12 Democratic states sue to block Paramount's $111bn Warner Bros Discovery acquisition
Attorneys general from California, New York and 10 other states filed an antitrust lawsuit on Monday, challenging the deal already approved by the Department of Justice and threatening costly delays.
The lawsuit
A coalition of 12 Democratic state attorneys general filed an antitrust lawsuit on Monday in the US District Court for the Northern District of California, seeking to block Paramount Skydance's acquisition of Warner Bros. Discovery. The states, led by California Attorney General Rob Bonta, argue the $111 billion deal violates the Clayton Act by substantially lessening competition in three specific markets: wide-release theatrical film distribution, anticipated top-grossing theatrical film distribution, and the licensing of basic cable channels to distributors.
The unlawful merger of these two entertainment behemoths would lead to higher prices, lower quality and less content for film and television, harming movie theaters, basic cable distributors and ultimately, audiences on every sofa and movie theater seat in the US.
The suit names Arizona, California, Colorado, Connecticut, Massachusetts, Minnesota, Nevada, New Jersey, New Mexico, New York, Oregon and Washington as plaintiffs.
Market concentration claims
Bonta's office provided specific market-share figures the combined entity would control. In wide-release theatrical distribution, Paramount and WBD together would hold a 27% share. For anticipated top-grossing films (a subset defined as blockbusters with wide audiences and large production budgets), the combined studio would command three-tenths of that market, or 30%. In basic cable channel licensing, where WBD is currently the second-largest player and Paramount third, the merged company would account for 27% of the market. The complaint states that for every dollar generated by wide-release theatrical films and basic cable channels, the combined company would pocket more than a quarter.
The deal would create a company with unprecedented power and influence over news and entertainment worldwide.
Financial stakes and ticking clock
Paramount CEO David Ellison said in May that the transaction was on track to close by September. The deal received approval from WBD shareholders in April and was cleared by the US Department of Justice in June, which concluded it was not likely to harm competition or consumers. However, the states are seeking to freeze the deal while the lawsuit proceeds. Any significant delay would trigger a quarterly "ticking fee" of approximately $650 million payable to WBD shareholders starting in October. Paramount is expected to use about $80 billion in debt to support the acquisition and has outlined a $6 billion synergy plan that is likely to involve significant job cuts, including in California where both companies are based.

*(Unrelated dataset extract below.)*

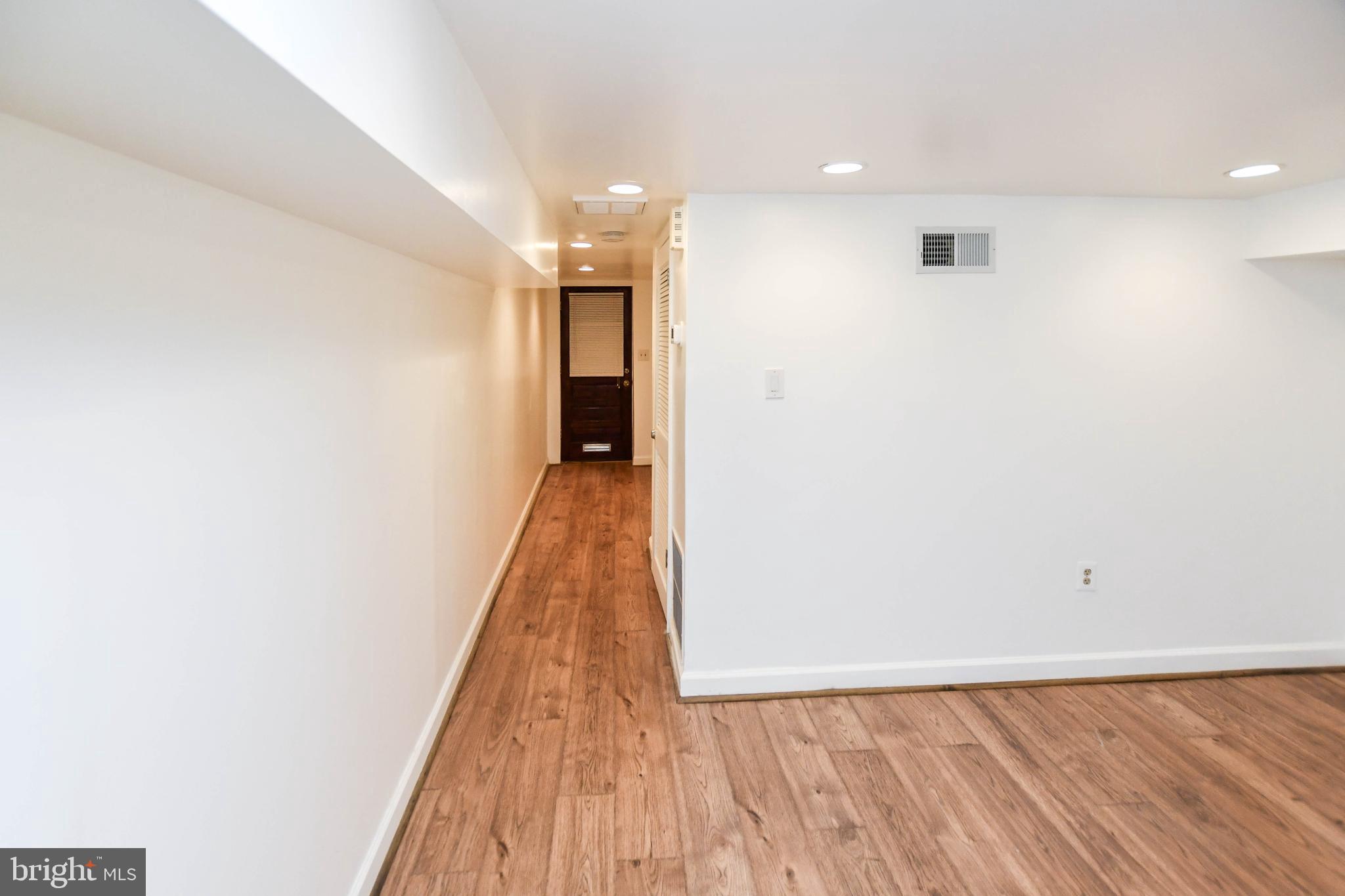 34 R Street Northeast Washington, DC 20002 - Photo 65 of 74 a view of a hallway with wooden floor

- Paramount strikes deal to acquire WBD after bidding war against Netflix
- WBD shareholders approve the transaction
- US Department of Justice approves the merger, clearing a major federal hurdle
- 12 states file antitrust lawsuit in Northern District of California
- Deal originally expected to close; ticking fee clock begins in October
Political dimension
The lawsuit pits Democratic state attorneys general against the Trump administration, which backed the deal through the Department of Justice's approval. President Trump has publicly praised Larry and David Ellison, the billionaire family controlling Paramount, and has urged the sale of CNN to new owners. The financing structure also involves sovereign wealth funds from Saudi Arabia, Qatar and the United Arab Emirates as major investors who would forego voting rights.
- Wide-release theatrical distribution
- 27 %
- Top-grossing blockbuster distribution
- 30 %
- Basic cable channel licensing
- 27 %
With this lawsuit, California and our sister states are fighting for free and fair markets, not rigged markets. America has no kings in government or our economy.
Company and industry response
A Paramount spokeswoman said on Sunday that the company was prepared to address legitimate antitrust issues, adding that the merger raises no such concerns. The company expects to release 30 films per year from the combined studios. The European Commission is reportedly expected to approve the deal this month with some concessions, according to people familiar with the matter. Filmmakers, actors and industry professionals have already voiced opposition, arguing the consolidation would further reduce competition in the US media industry and concentrate control over news and entertainment worldwide.